▸ The input:

※

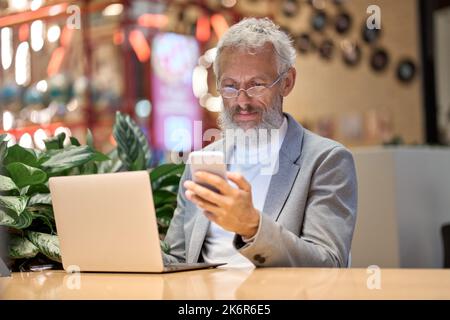 Older business man executive using mobile phone working late in office. Stock Photo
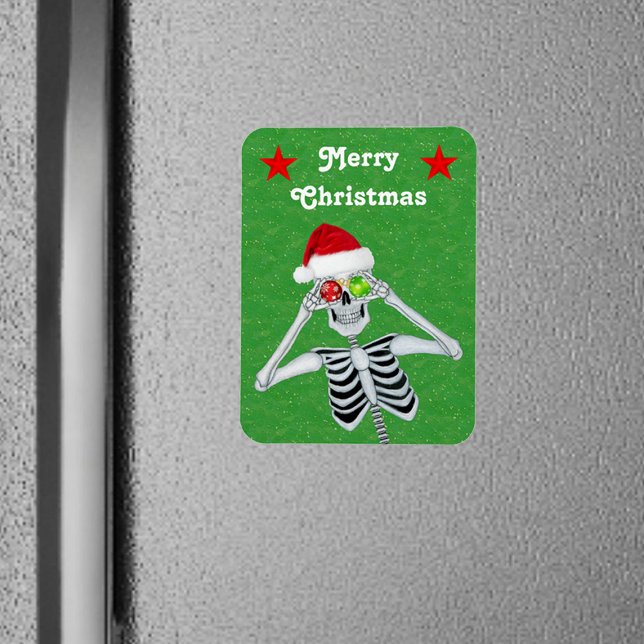 Funny Skeleton Christmas Ornaments Stars Green Magnet (Silly Skeleton ornament Eyes Santa hat red Stars on green Christmas flexible magnet.)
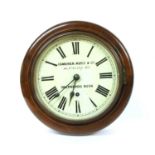 A mahogany wall clock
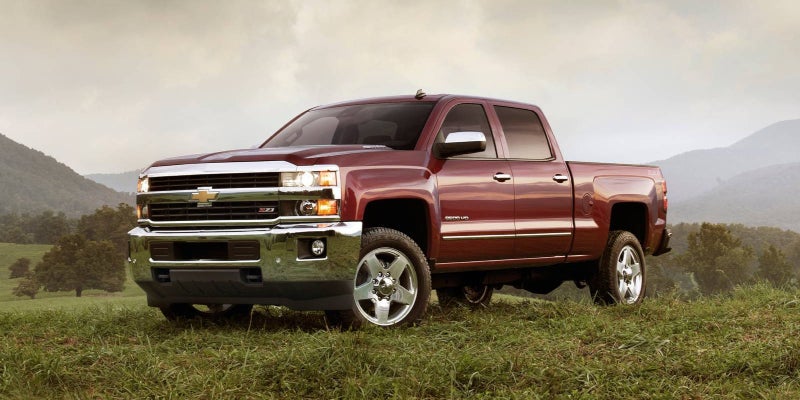 2017 Chevrolet Silverado 2500HD in maroon, parked on a grassy hill with mountains in the background.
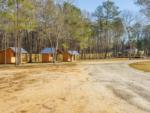 The gravel road going by our cabins for rent at SANWAR RV PARK & RESORT - thumbnail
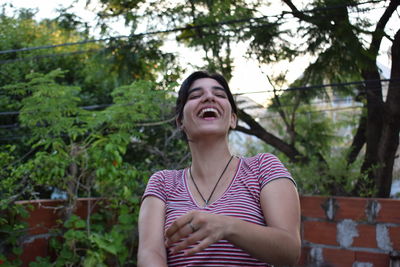Woman laughing against trees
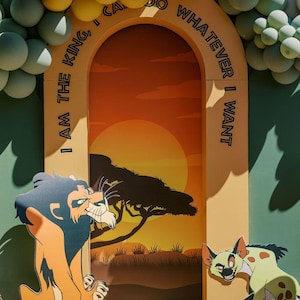 May include: A cardboard archway decorated with yellow and green balloons. The archway is decorated with the text "I am the king, I can do whatever I want".  The archway is set up in front of a backdrop depicting a sunset over a savanna with a lion and a hyena.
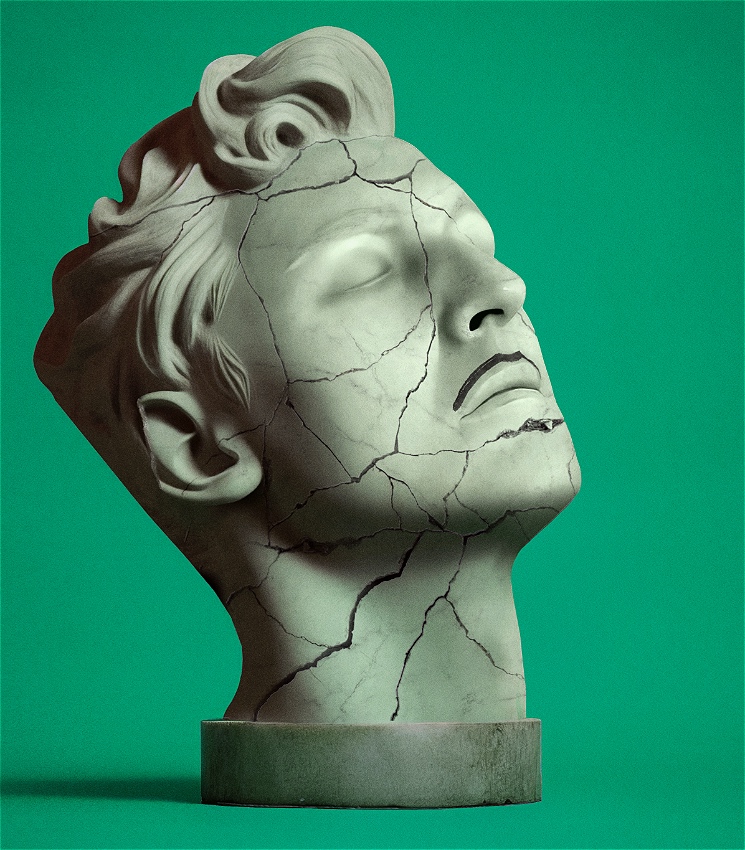 A marble statue of a man's head, badly cracked, in front of a green background. The face has a moustache drawn onto it in marker.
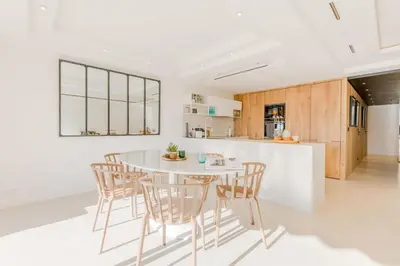 a kitchen with a white table and chairs at 4-Room Apartment of 96m with a Stunning View in Cannes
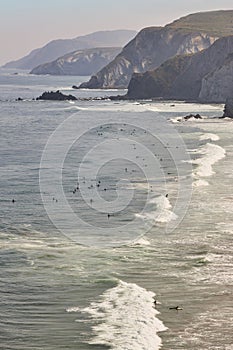 Sand beach with surfers viewed from above. Basque country, Spain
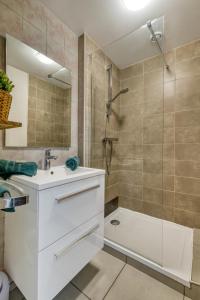 a bathroom with a white sink and a shower at Studio Victoria in Aix-les-Bains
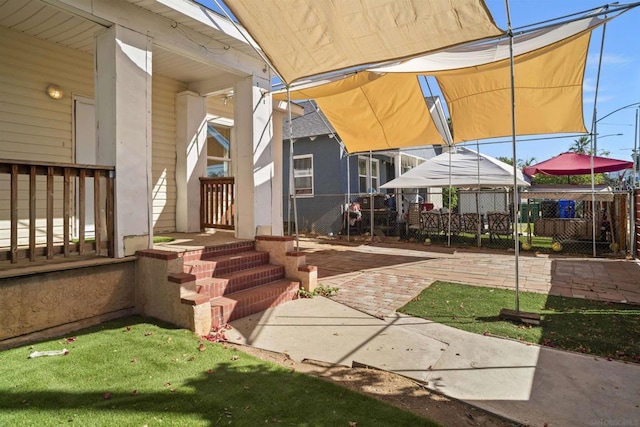 property entrance with a patio area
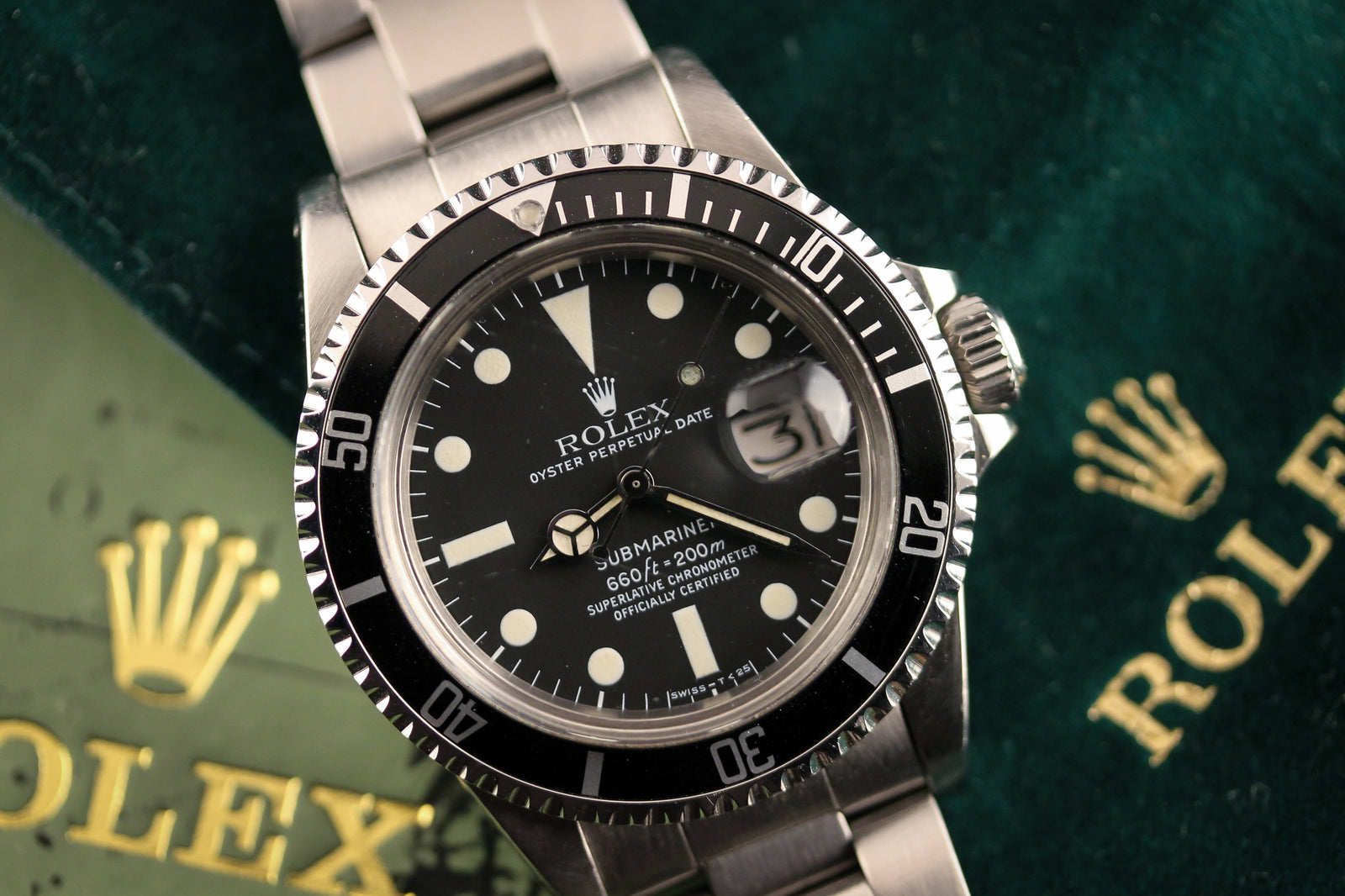 A close-up of the Rolex Submariner 1680 -1979 with stainless steel band, black dial, and white markers, resting on a green surface featuring the gold Rolex crown and text—a must-have for vintage Rolex enthusiasts.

※

Quote all of the entries word for word, omitting any pictures.

 Older business man executive using mobile phone working late in office. Stock Photo
 Funny Skeleton Christmas Ornaments Stars Green Magnet (Silly Skeleton ornament Eyes Santa hat red Stars on green Christmas flexible magnet.)
 A mahogany wall clock
 2017 Chevrolet Silverado 2500HD in maroon, parked on a grassy hill with mountains in the background.
 The gravel road going by our cabins for rent at SANWAR RV PARK & RESORT - thumbnail
Woman laughing against trees
 May include: A cardboard archway decorated with yellow and green balloons. The archway is decorated with the text "I am the king, I can do whatever I want".  The archway is set up in front of a backdrop depicting a sunset over a savanna with a lion and a hyena.
 A marble statue of a man's head, badly cracked, in front of a green background. The face has a moustache drawn onto it in marker.
 a kitchen with a white table and chairs at 4-Room Apartment of 96m with a Stunning View in Cannes
 Sand beach with surfers viewed from above. Basque country, Spain
 a bathroom with a white sink and a shower at Studio Victoria in Aix-les-Bains
 property entrance with a patio area
 A close-up of the Rolex Submariner 1680 -1979 with stainless steel band, black dial, and white markers, resting on a green surface featuring the gold Rolex crown and text—a must-have for vintage Rolex enthusiasts.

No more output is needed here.